What’s equally important is to ensure that the existing theories on what’s happening to Australian telco spend is backed up with factual evidence. To that effect, we at Full Circle recently put our purpose-built software to work and mine hundreds of millions of dollars of telecommunications spend.

Apart from just crunching the numbers, I have to say we were pretty thrilled to play the role of a myth buster and decipher if the recently touted telco trends are fact or pure fiction.

We took data from all of 2010 to 2011, tracking the usage and spending changes across: Mobile Roaming, SMS, Mobile Data and fixed lines. This is what we found:

  • Global Roaming costs are increasing. We polled over 5,000 mobile devices with over $1.5 million of global roaming spend. We found that spend levels increased annually by 10%. The annual average annual device spend on global roaming is now $330.68. In normalising the data, we only polled devices that demonstrated global roaming during the survey period.        
                                                      
  • SMS is dying.  We constantly hear about the death of SMS and this is one of those cases where the reality is certainly matching the hype. The demise of SMS is playing out in front of our eyes and at a cost of $1,000,000 per GB, why wouldn’t it? We looked at 120,000 mobile phones and found that in 2010, 41 per cent of all mobile phones sent SMS and in 2011 that number had fallen to 32 per cent. We also found that the average number of messages sent per device in 2010 was 57 per month and in 2011 it was 54 SMS – this is a decrease of five per cent. It’s not dead yet, but the writing is on the wall.                                                                                                                                                                              
  • Mobile data use is increasing due to smart phones. It has long been suggested that mobile data usage is on the up and up due to smart phones. We noted that the average cost of data plans had not changed at all from 2010 to 2011, but usage had gone up significantly. We studied over 25,000 mobile data devices and saw that monthly usage had increased from 93.8MB / Month in 2010 to 273MB / month. This is almost a three-fold increase.            
                                                                                
  • The copper network is decaying, but who cares, its being substituted for mobility. Our research showed that across 2010 and 2011, looking at almost 100,000 fixed lines, that 21 per cent of these fixed lines had no call traffic at all. Can you blame Telstra for offloading its copper network? Imagine if users cottoned on to the fact that almost 20 per cent of fixed lines were redundant!          
                            
  • People are mobile and using their mobile. Fixed line call spend is decreasing while the number of fixed lines is staying stable.

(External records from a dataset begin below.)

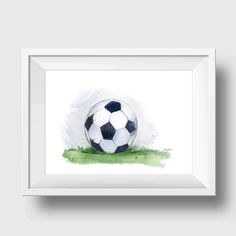 a watercolor painting of a soccer ball sitting on the grass in front of a wall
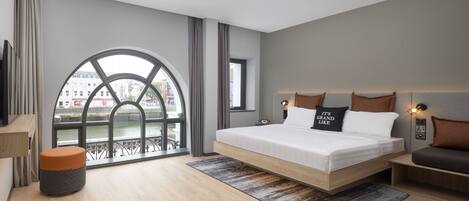 Una habitación de hotel moderna con una cama grande, vista al río y un balcón con barandilla.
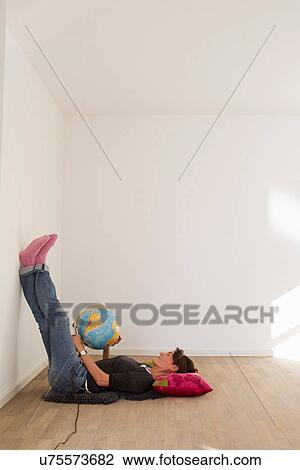 Woman lying on floor of empty room holding globe View Large Photo Image Stock Image - Woman lying on floor of empty room holding globe. Fotosearch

This fact, on a per business level, leads to poorly optimised and expensive telco set-ups for businesses. In 2010, line rental (and service and equipment charges) accounted for 42.8 per cent of fixed line spend whilst the remaining 57.2 per cent was fixed line calls. In 2011, the ration has changes to 48.13 per cent of costs were devoted to line rental whilst only 51.8 per cent was for calls. Traditionally, a good split of line rental to calls was 35/65 . So we really are seeing more substitution for fixed line calls to mobile, but with no commensurate decrease in network size, shape capacity or configuration. This is a great savings opportunity for businesses.

So there you have it the jury is in and so far the data is certainly matching the hype. We are moving into a mobile world where the fixed line is going the way of dinosaurs and the smartphone invasion is in full swing. Which makes you wonder whether the government’s decision to pour $37 billion into a fixed fibre network is a good investment after all?

Tony Simmons is the managing director and founder of The Full Circle Group, an independent telecommunications consultancy firm focused on telco expense costs and management.